**The data**
================================

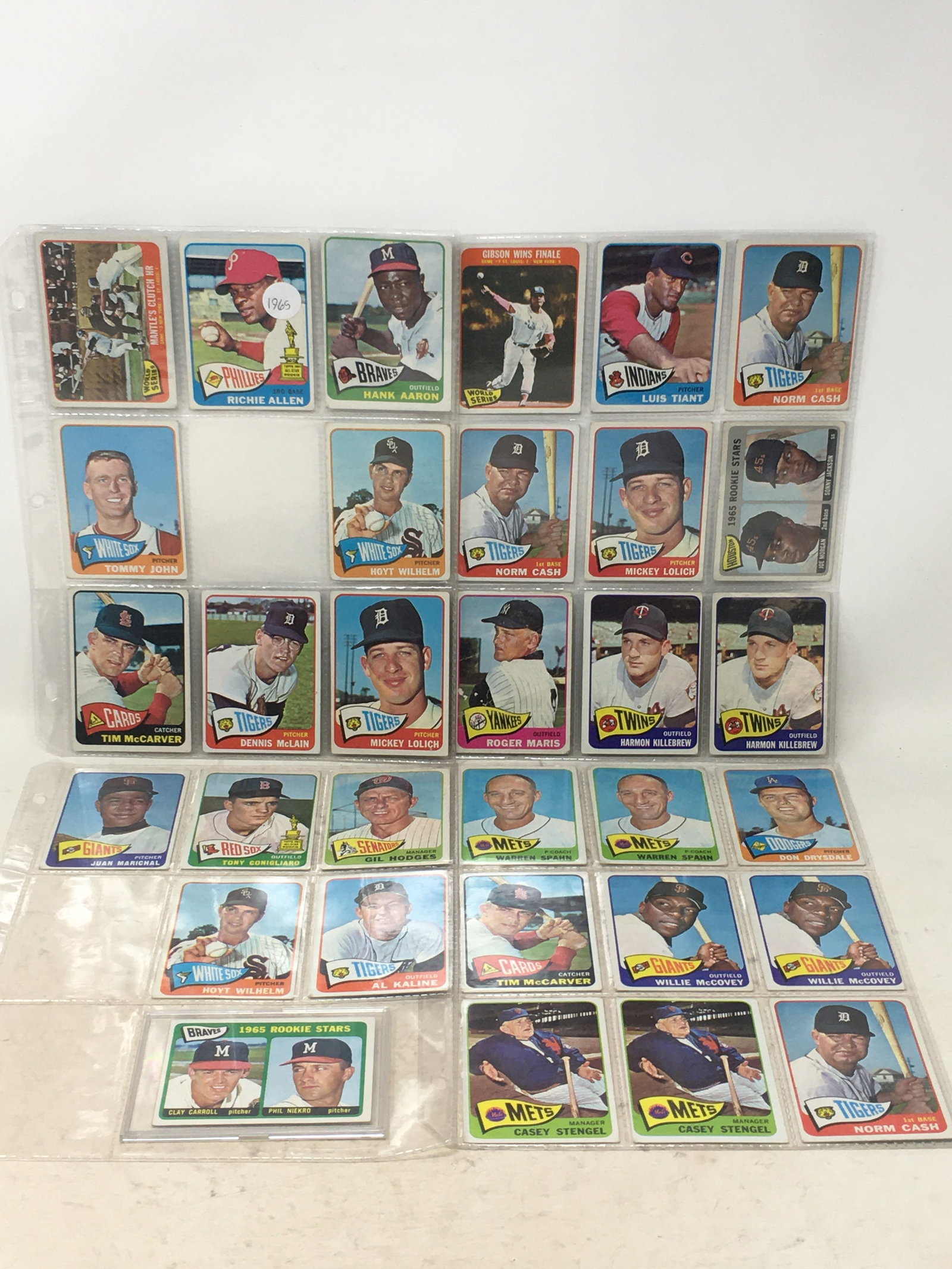 (32) 1965 Topps Baseball Cards (1 of 12)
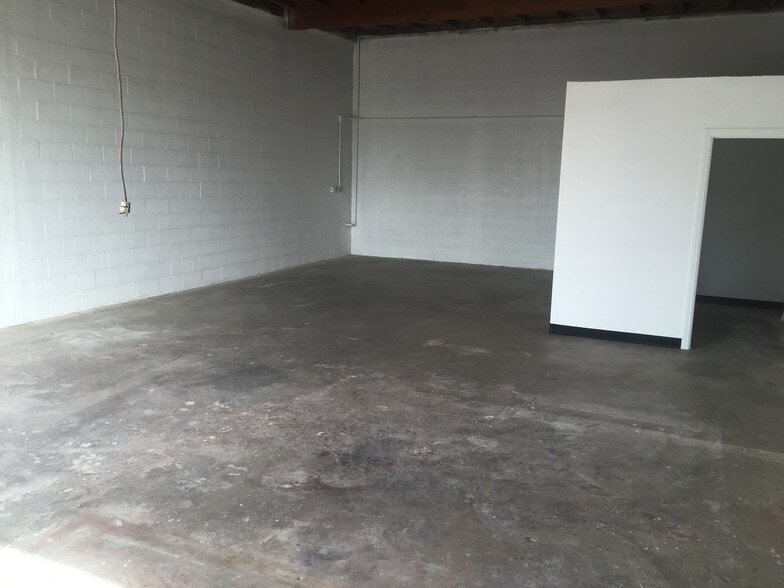 6150 Rutland Ave, Riverside, CA à louer - Photo intérieure - Image 2 de 8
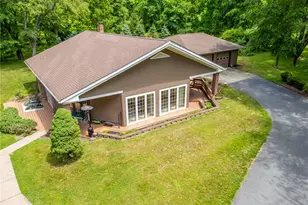 940 Potomac St, Upper Mt Bethel Twp, PA 18343 - Photo 2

================================

**Task**
Write the listing again exactly, duplicating every line and skipping the pictures.

**Solution to this problem**
 (32) 1965 Topps Baseball Cards (1 of 12)
 6150 Rutland Ave, Riverside, CA à louer - Photo intérieure - Image 2 de 8
 940 Potomac St, Upper Mt Bethel Twp, PA 18343 - Photo 2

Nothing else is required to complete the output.